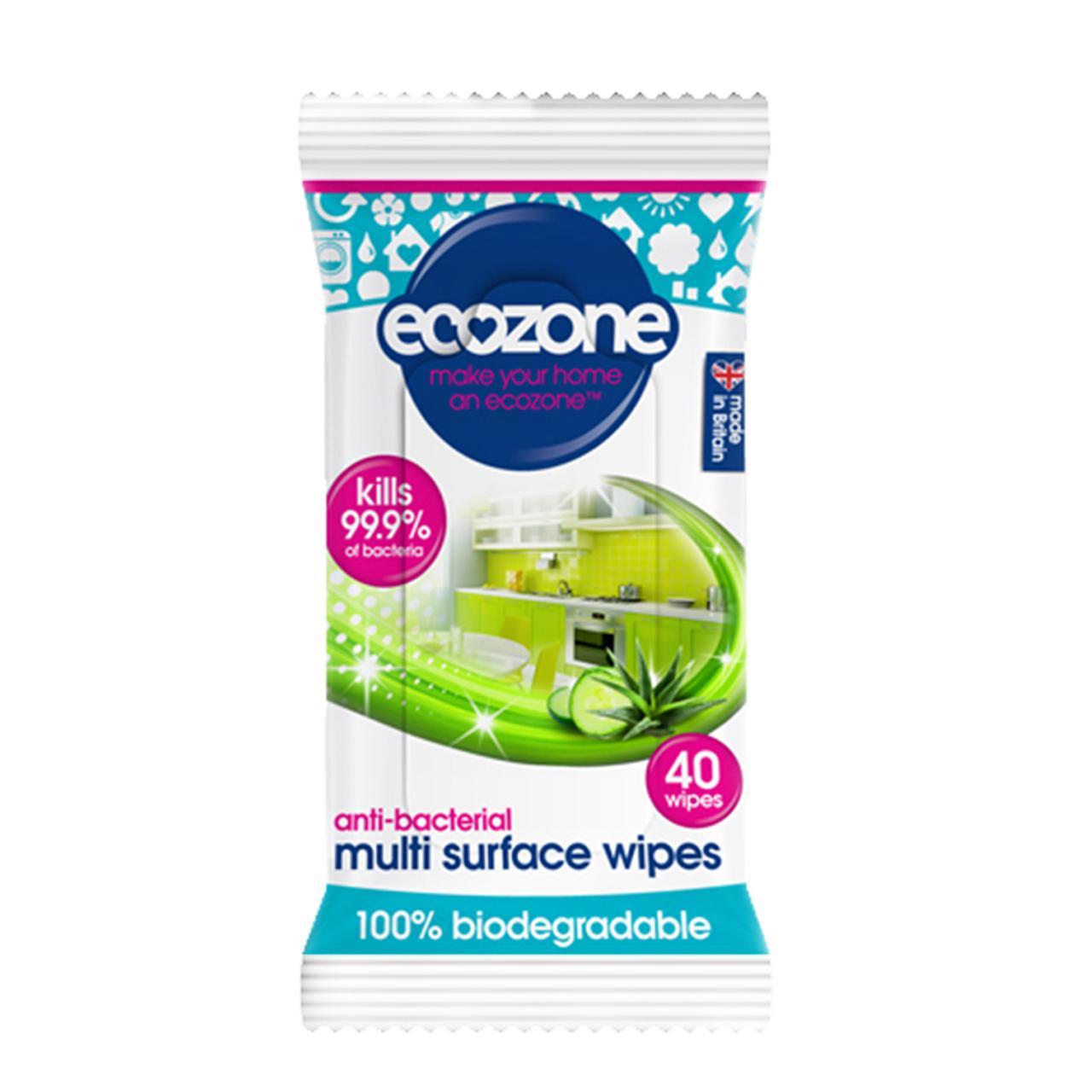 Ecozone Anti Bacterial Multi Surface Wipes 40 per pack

--

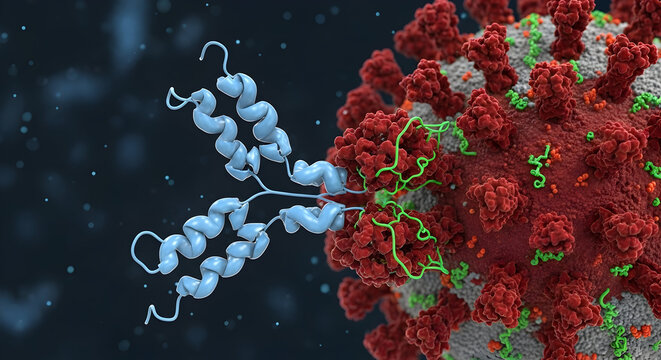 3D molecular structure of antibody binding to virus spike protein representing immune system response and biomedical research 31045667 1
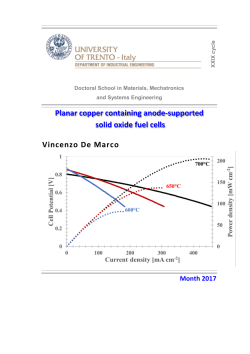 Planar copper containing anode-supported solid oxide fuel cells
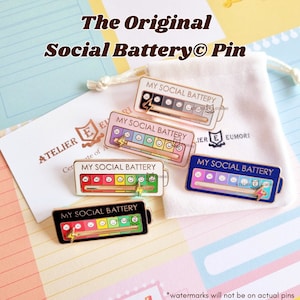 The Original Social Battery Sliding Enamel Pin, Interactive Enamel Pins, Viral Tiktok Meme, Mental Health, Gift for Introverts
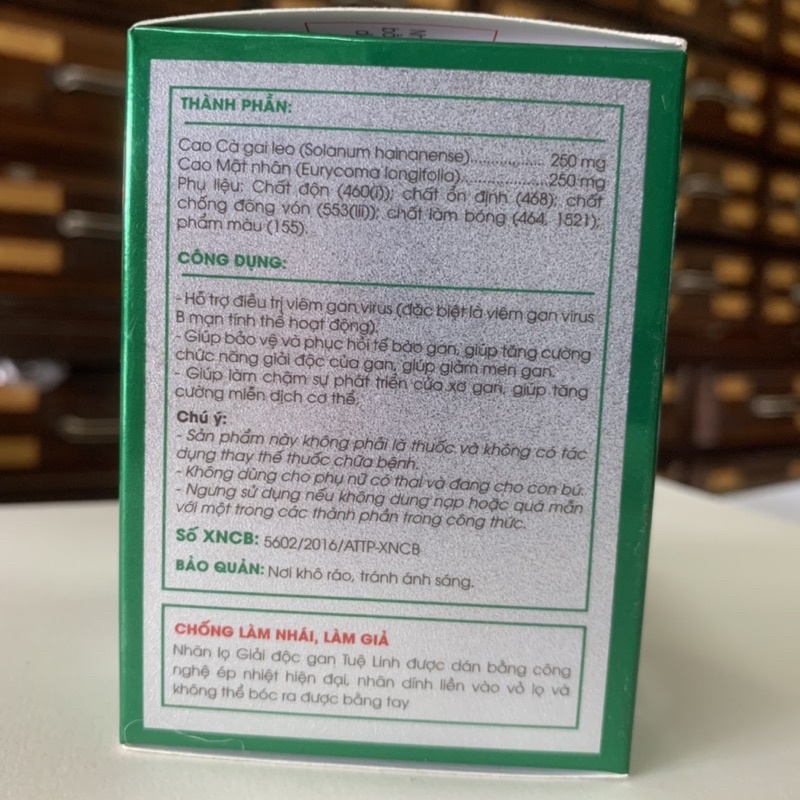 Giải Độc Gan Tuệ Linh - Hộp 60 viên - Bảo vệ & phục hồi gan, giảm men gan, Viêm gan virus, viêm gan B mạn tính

---

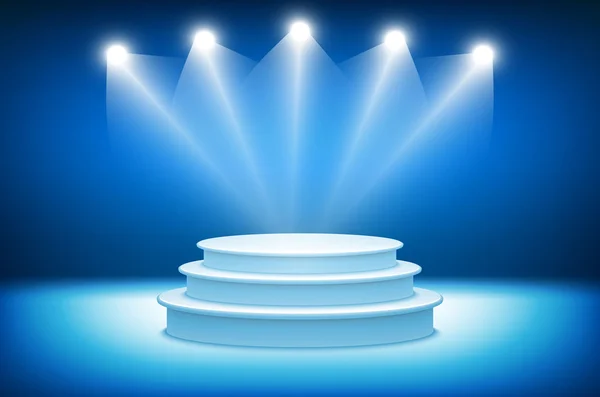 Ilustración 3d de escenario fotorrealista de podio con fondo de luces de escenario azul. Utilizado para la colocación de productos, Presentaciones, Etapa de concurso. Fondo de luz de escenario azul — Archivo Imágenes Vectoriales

Required action:
Line for line, output the entries above from the line with "3D molecular structure" to the line with "Giải Độc Gan", both included, and nothing more. Skip pictures.

Response box:
 3D molecular structure of antibody binding to virus spike protein representing immune system response and biomedical research 31045667 1
 Planar copper containing anode-supported solid oxide fuel cells
 The Original Social Battery Sliding Enamel Pin, Interactive Enamel Pins, Viral Tiktok Meme, Mental Health, Gift for Introverts
 Giải Độc Gan Tuệ Linh - Hộp 60 viên - Bảo vệ & phục hồi gan, giảm men gan, Viêm gan virus, viêm gan B mạn tính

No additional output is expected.